**Source information**
-*-*-

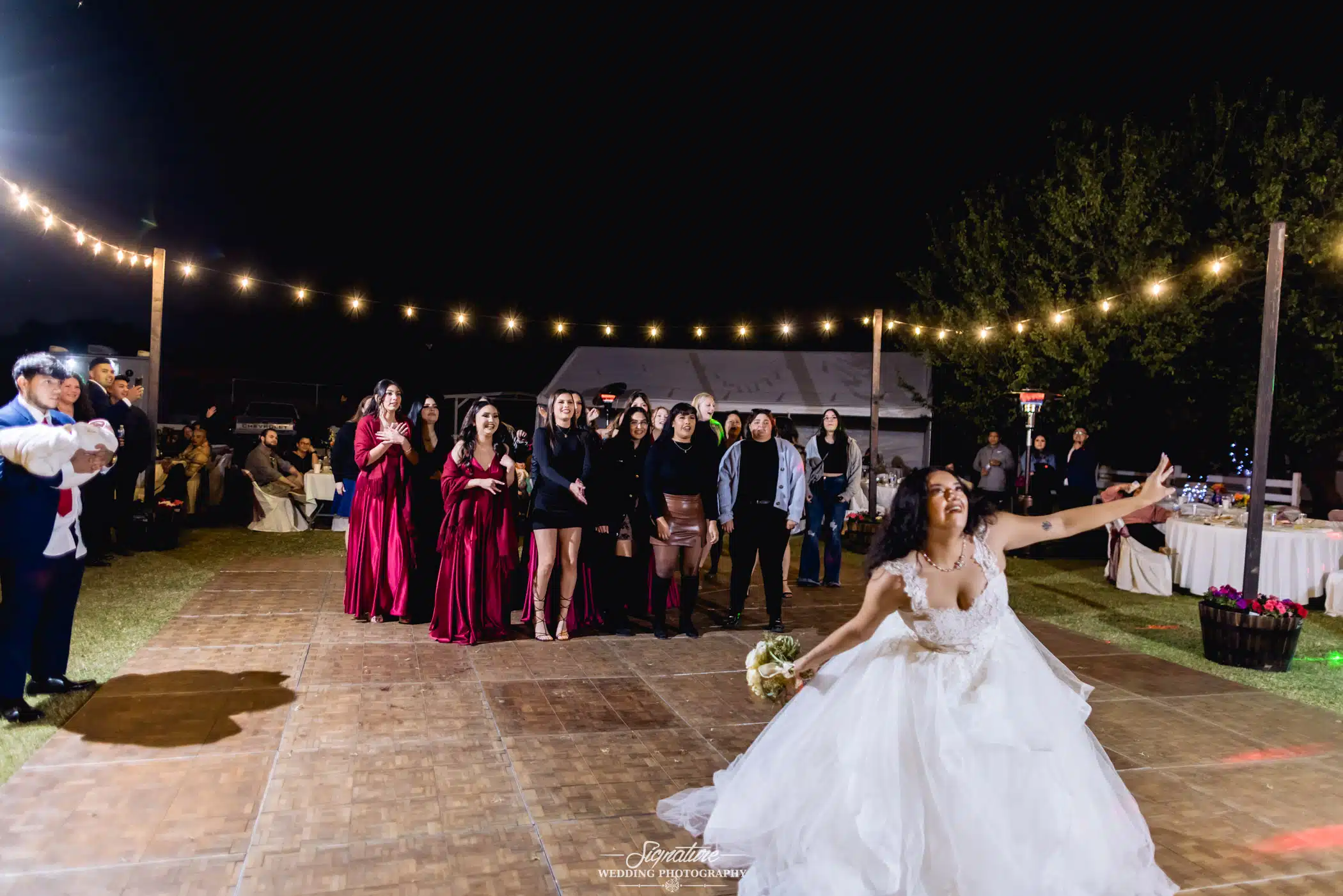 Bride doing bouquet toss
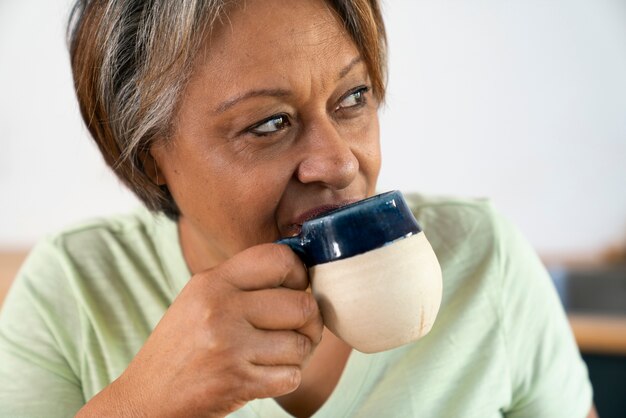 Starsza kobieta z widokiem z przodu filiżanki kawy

-*-*-

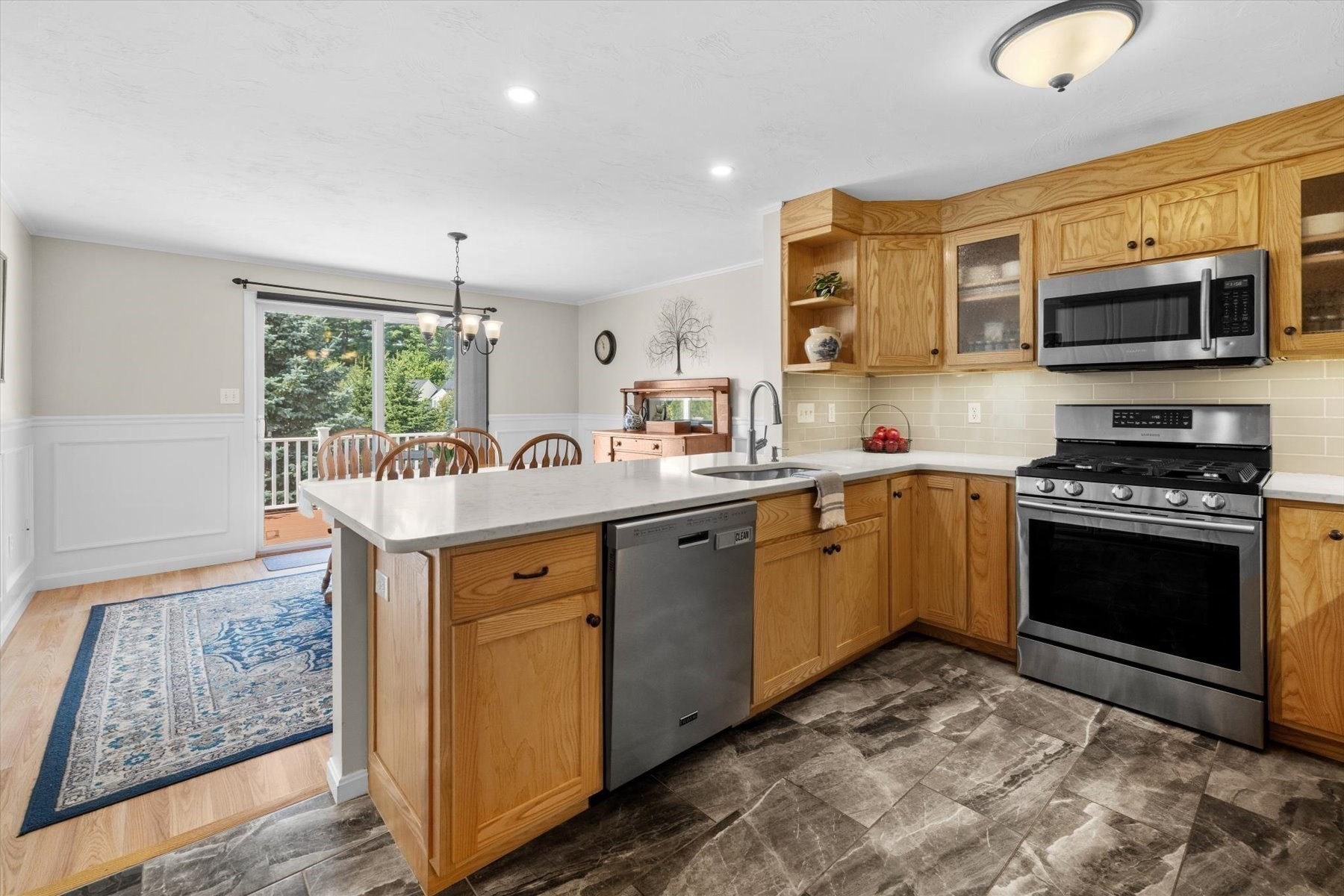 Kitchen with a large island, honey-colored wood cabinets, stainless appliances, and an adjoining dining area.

-*-*-

**What to work on**
Pictures excluded, give again exactly and only the lines of the material above from the line with "Bride doing bouquet toss" through the line with "Starsza kobieta z".

**Response to the task**
 Bride doing bouquet toss
 Starsza kobieta z widokiem z przodu filiżanki kawy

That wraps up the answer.